### Material for the task
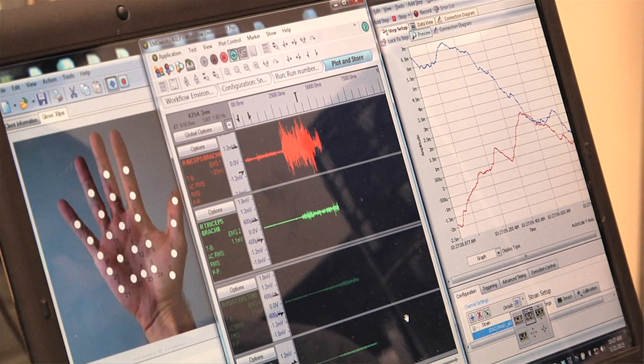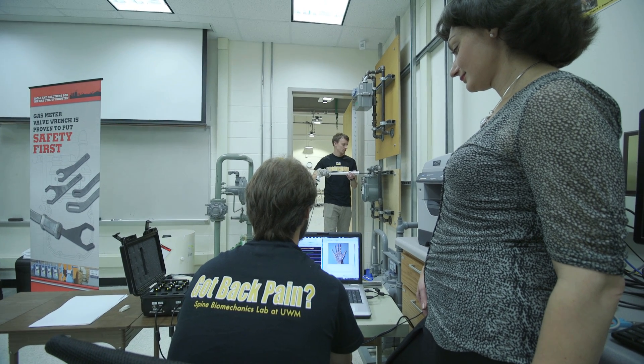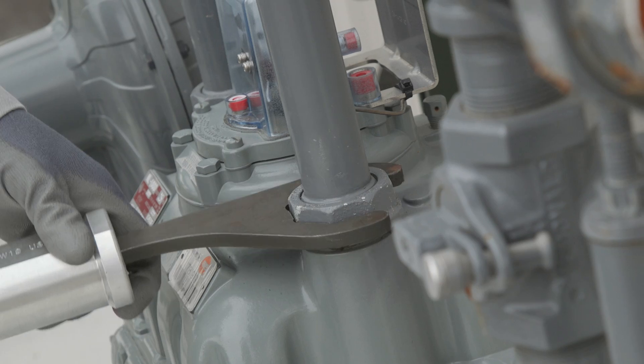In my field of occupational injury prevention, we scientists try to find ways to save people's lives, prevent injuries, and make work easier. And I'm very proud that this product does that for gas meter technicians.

==

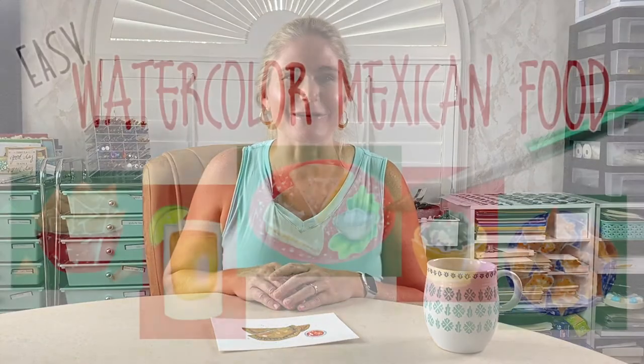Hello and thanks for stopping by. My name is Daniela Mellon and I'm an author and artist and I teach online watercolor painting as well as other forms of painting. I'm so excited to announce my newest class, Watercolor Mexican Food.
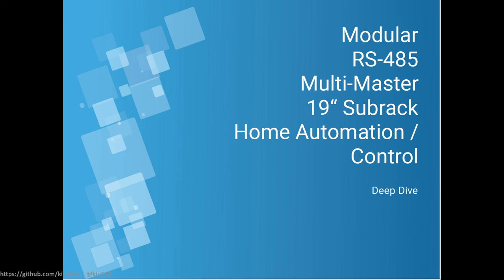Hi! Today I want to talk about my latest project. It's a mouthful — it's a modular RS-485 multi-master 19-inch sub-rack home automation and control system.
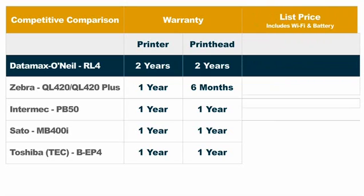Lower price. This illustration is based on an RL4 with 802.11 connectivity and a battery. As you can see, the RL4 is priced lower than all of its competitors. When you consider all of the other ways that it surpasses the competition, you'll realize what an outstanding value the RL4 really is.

---

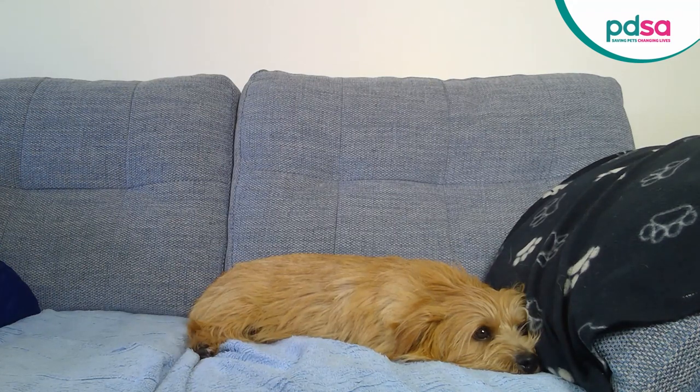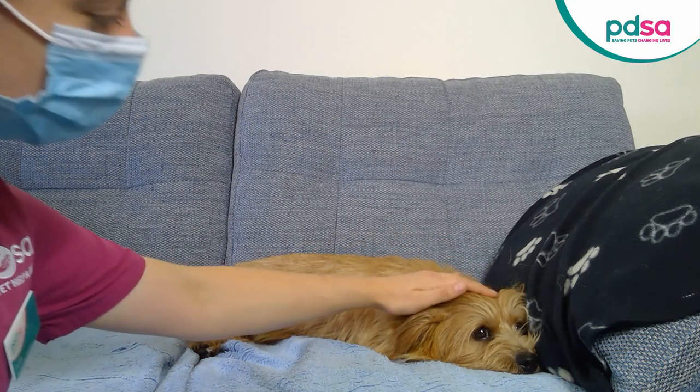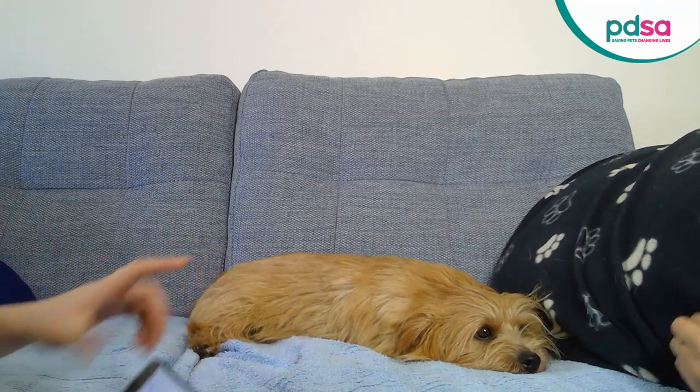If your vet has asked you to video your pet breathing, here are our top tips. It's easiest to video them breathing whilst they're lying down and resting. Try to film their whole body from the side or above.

### Your instructions
From the records above, copy exactly the lines starting at the one with "Hi! Today I" and ending at the one with "Lower price. This", and no others. Pictures stay out.

### Task answer
Hi! Today I want to talk about my latest project. It's a mouthful — it's a modular RS-485 multi-master 19-inch sub-rack home automation and control system.
Lower price. This illustration is based on an RL4 with 802.11 connectivity and a battery. As you can see, the RL4 is priced lower than all of its competitors. When you consider all of the other ways that it surpasses the competition, you'll realize what an outstanding value the RL4 really is.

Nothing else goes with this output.